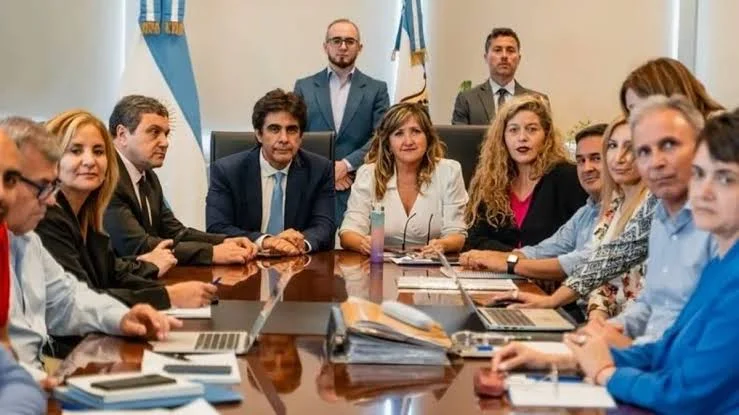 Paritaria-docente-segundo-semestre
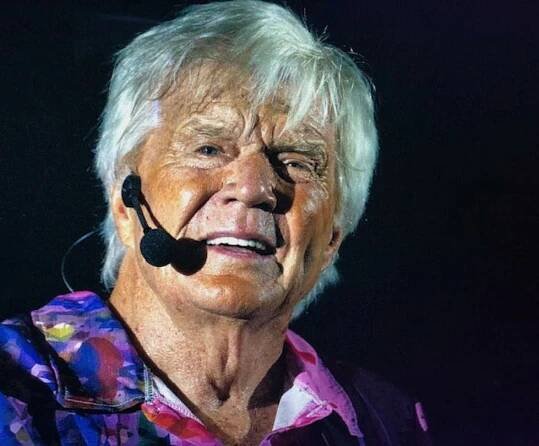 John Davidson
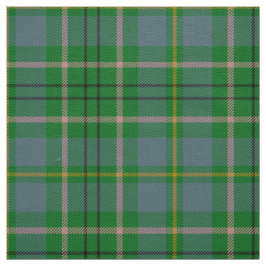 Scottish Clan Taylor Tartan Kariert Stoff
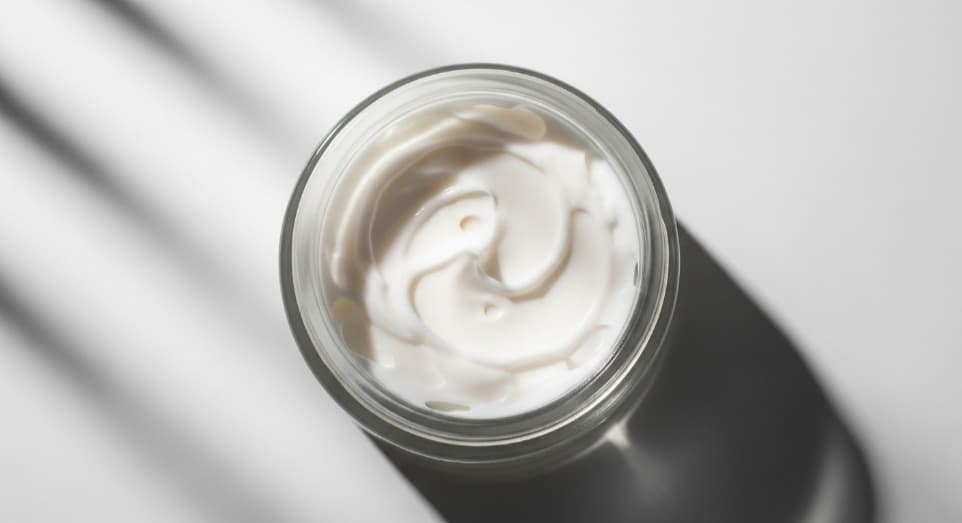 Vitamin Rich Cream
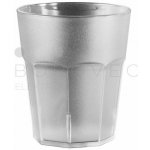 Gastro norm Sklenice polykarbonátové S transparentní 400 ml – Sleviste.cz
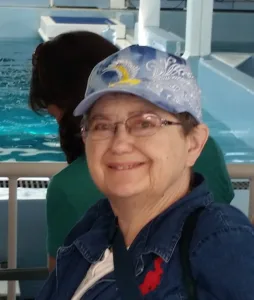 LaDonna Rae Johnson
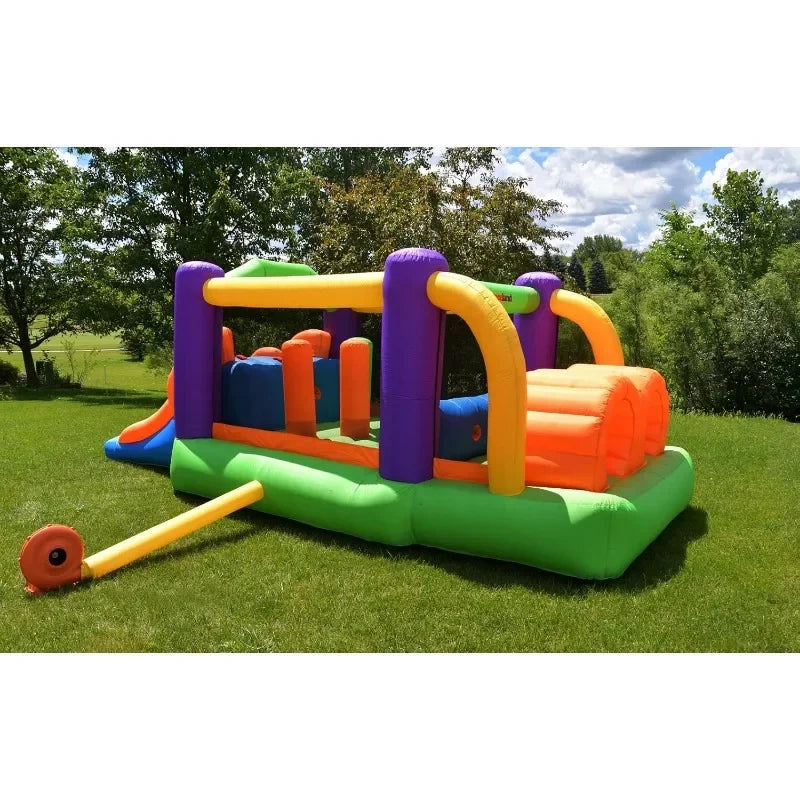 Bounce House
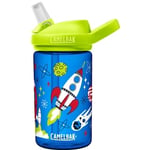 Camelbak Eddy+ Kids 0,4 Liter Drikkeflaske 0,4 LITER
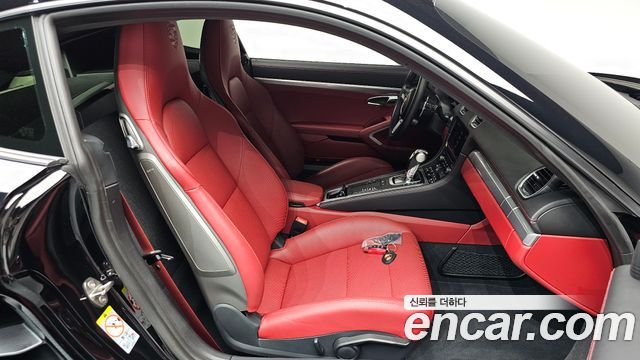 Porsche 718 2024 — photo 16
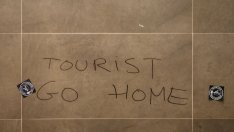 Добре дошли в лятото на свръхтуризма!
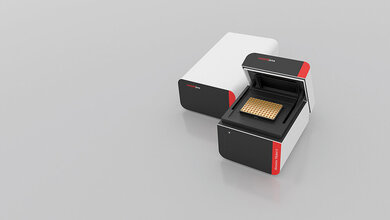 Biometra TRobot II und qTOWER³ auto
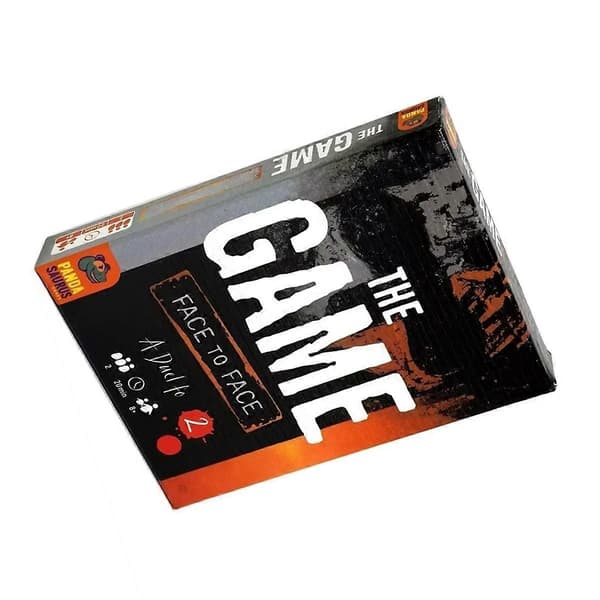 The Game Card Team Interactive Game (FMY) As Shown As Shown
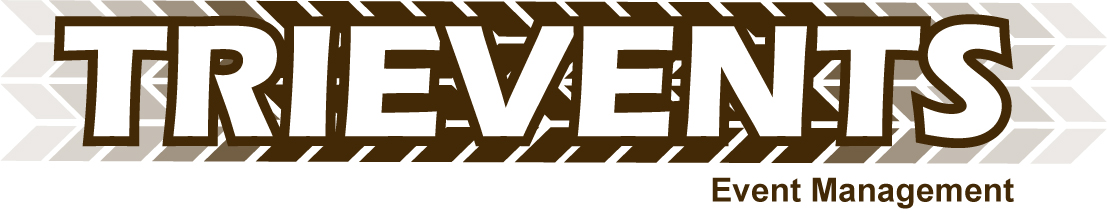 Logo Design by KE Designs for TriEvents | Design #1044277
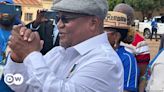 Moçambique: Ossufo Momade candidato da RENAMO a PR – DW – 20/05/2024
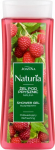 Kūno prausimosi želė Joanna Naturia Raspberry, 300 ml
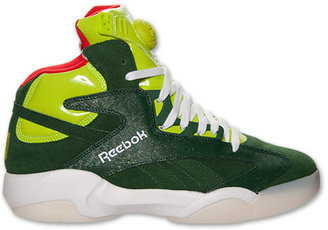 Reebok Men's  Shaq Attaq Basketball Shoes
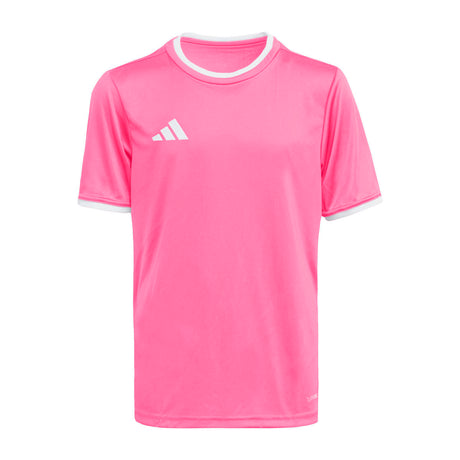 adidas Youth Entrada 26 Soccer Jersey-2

▶ **WHAT THIS TASK INVOLVES**: From the first line of the listing above, repeat every line through the one holding "Camelbak Eddy+ Kids". Both ends count, and pictures stay out.

▶ **SOLUTION TO THIS TASK**:
 Paritaria-docente-segundo-semestre
 John Davidson
 Scottish Clan Taylor Tartan Kariert Stoff
 Vitamin Rich Cream
 Gastro norm Sklenice polykarbonátové S transparentní 400 ml – Sleviste.cz
 LaDonna Rae Johnson
 Bounce House
 Camelbak Eddy+ Kids 0,4 Liter Drikkeflaske 0,4 LITER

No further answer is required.